> _PROBLEM REQUIREMENTS_
From the line containing "Изображение NUK BUTELKA" through the last line of the entries, set down every line exactly and add nothing.

Short descriptive text snippets:
★ ★ ★ ★

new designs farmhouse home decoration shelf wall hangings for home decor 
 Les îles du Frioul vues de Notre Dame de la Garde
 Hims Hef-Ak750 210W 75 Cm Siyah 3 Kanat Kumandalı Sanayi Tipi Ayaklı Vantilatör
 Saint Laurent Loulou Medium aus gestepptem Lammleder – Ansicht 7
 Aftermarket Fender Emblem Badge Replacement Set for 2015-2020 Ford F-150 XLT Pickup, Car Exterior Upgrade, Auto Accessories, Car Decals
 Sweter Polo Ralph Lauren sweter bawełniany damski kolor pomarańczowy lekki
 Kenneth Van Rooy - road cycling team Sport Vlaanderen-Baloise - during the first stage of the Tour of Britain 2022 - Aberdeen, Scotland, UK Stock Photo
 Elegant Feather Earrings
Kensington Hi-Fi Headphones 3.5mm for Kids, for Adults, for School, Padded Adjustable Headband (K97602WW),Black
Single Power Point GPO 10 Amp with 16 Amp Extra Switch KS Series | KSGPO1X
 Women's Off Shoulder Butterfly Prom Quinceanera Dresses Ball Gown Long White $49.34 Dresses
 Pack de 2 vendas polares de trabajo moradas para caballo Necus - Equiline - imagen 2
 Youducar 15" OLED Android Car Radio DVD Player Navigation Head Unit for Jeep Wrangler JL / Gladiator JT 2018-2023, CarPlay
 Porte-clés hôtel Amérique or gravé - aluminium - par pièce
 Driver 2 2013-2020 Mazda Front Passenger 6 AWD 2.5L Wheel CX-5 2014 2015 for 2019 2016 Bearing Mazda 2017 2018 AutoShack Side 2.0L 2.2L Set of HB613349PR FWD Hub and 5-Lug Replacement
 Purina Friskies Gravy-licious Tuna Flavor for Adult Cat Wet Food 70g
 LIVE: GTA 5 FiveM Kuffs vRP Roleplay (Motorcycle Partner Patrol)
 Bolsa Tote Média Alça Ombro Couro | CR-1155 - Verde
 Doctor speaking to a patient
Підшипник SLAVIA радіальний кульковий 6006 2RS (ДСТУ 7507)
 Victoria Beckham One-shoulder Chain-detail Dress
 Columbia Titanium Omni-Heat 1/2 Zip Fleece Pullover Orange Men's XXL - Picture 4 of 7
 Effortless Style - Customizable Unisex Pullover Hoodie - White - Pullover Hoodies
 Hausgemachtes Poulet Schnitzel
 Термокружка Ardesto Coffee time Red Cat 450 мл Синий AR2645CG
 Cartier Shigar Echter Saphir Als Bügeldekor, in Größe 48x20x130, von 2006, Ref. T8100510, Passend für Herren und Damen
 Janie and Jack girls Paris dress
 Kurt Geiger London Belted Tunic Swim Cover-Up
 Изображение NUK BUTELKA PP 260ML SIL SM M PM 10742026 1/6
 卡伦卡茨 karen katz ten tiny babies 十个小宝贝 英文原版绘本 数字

★ ★ ★ ★

> _SOLUTION TO THIS EXERCISE_
 Изображение NUK BUTELKA PP 260ML SIL SM M PM 10742026 1/6
 卡伦卡茨 karen katz ten tiny babies 十个小宝贝 英文原版绘本 数字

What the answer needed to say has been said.